In 1972, the National Association of Black Social Workers issued a statement that took "a vehement stand against the placements of black children in white homes for any reason." The group called transracial adoptions "unnatural," "unnecessary," and "artificial," and argued that such placements were evidence of the continued "chattel status" of African-Americans. The statement read, in part:
We affirm the inviolable position of black children in black families where they belong physically, psychologically and culturally in order that they receive the total sense of themselves and develop a sound projection of their future.
Ethnicity is a way of life in these United States, and the world at large; a viable, sensitive, meaningful and legitimate societal construct. This is no less true nor legitimate for black people than for other ethnic groups....
We fully recognize the phenomenon of transracial adoption as an expedient for white folk, not as an altruistic humane concern for black children.
The NABSW's president at the time, Cenie Williams, argued that temporary foster or even institutional placements for black children were preferable to their adoption by white families. This opposition resulted in a swift decline in transracial foster arrangements and adoptions. In 1973, the Child Welfare League of America revised its adoption standards (which had been rewritten in 1968 to reflect a friendlier stance toward transracial adoption) to clarify that same-race placements were always preferred.
The writings of Malcolm X (born Malcolm Little) further contributed to the movement against placing black children with white families. In 1938, Malcolm's mother, Louise Little, suffered a nervous breakdown after her husband was murdered. Six of her children, including Malcolm, were sent to four different foster homes. Malcolm was placed with a white family. In his 1965 bestseller, The Autobiography of Malcolm X, which he coauthored with journalist Alex Haley, Malcolm lamented that "[a] Judge McClellan in Lansing had authority over me and all of my brothers and sisters...A white man in charge of a black man's children! Nothing but legal, modern slavery — however kindly intentioned." He went on, "I truly believe that if ever a state social agency destroyed a family, it destroyed ours. We wanted and tried to stay together.

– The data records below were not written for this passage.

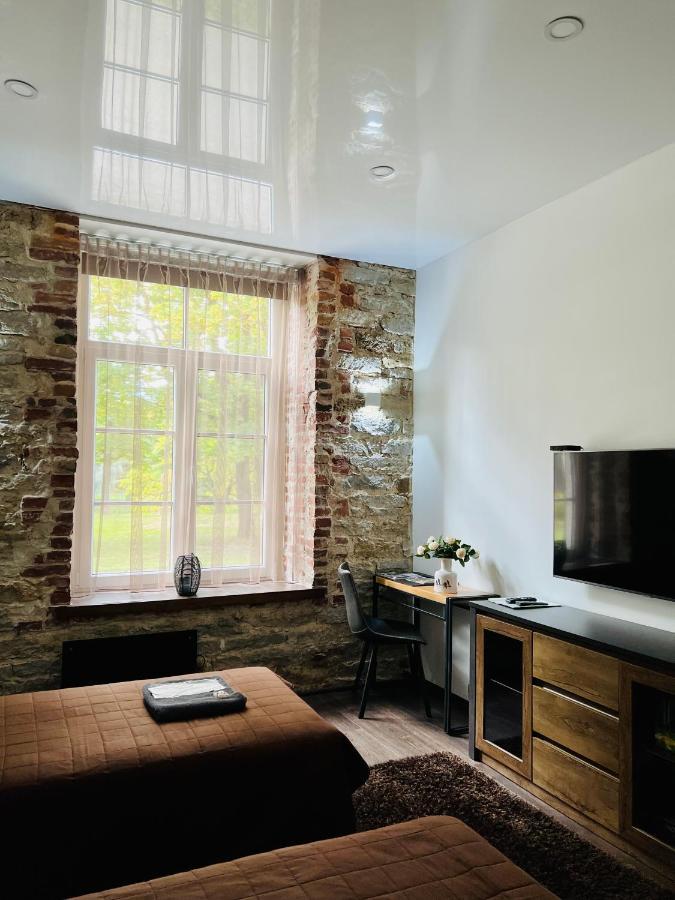Vabriku 6 Apartment With Sauna Rakvere Eksteriør bilde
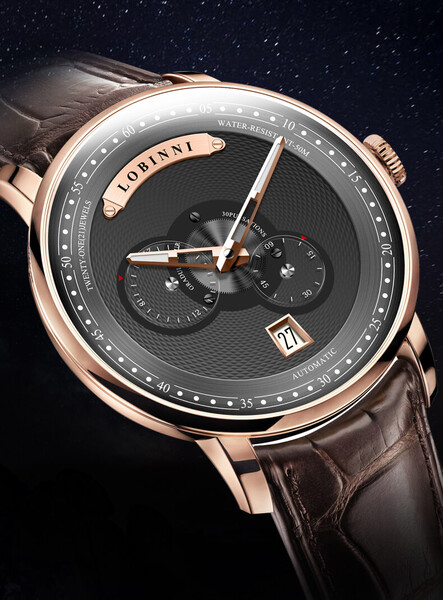 Đồng hồ nam chính hãng LOBINNI L16060-2
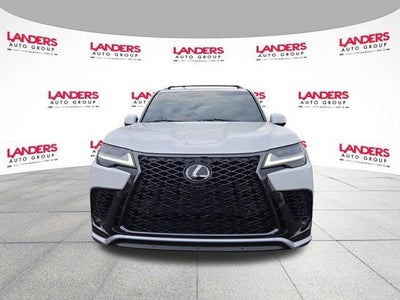 2024 Lexus LX LX 600 F SPORT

Our home didn't have to be destroyed."
In 1990, Malcolm's younger brother Robert became head of the Child Welfare Administration in New York City, and endorsed kinship care as an antidote to the type of struggle he and his siblings had undergone. Nina Bernstein described Robert Little's upbringing in her 2001 book, The Lost Children of Wilder, and noted that although he had been raised in a home with family friends, it was still a foster home. Because of this, he had grown up "feeling that the social workers who trooped through the house twice a year were an extension of oppressive white authority, like the courts, the police and the prisons."
Activists for Native American rights viewed white adoption of Native American children with the same sort of suspicion and antipathy. In the late-19th and early-20th centuries, Native American children had often been placed in boarding schools, in the hope that education would speed their cultural assimilation. In the 1950s and 1960s, the Indian Adoption Project, a program administered by the Child Welfare League of America and funded by a federal contract from the U.S. Children's Bureau and the Bureau of Indian Affairs, placed hundreds of Native American children with white adoptive parents. This was considered by many at the time to be a triumph for civil rights made possible by a decrease in racial prejudice. Soon, however, tribal advocates denounced the project as only the most recent in a long line of policies meant to weaken or destroy Native American communities.

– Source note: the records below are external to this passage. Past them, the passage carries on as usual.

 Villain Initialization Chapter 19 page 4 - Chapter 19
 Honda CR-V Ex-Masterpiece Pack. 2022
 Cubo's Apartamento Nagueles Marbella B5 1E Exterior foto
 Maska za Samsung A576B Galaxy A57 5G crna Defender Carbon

These advocates believed that resisting such policies would entail recruiting more families from the same racial background to take in Native American children, or else finding ways to keep children with their immediate or extended families. The Indian Child Welfare Act, passed in 1978, gave tribes jurisdiction over children living on and off reservations who were wards of the state, and made it extremely difficult for non-native people to adopt Native American children.
Despite the growing support for race-based kinship care, however, there were attempts to push back against its complete acceptance as an ideal. In 1994, for example, Congress passed the Multiethnic Placement Act, which, among other things, "prohibited State agencies and other entities that receive Federal funding...from delaying, denying, or otherwise discriminating when making a foster care or adoption placement decision on the basis of the parent or child's race, color, or national origin."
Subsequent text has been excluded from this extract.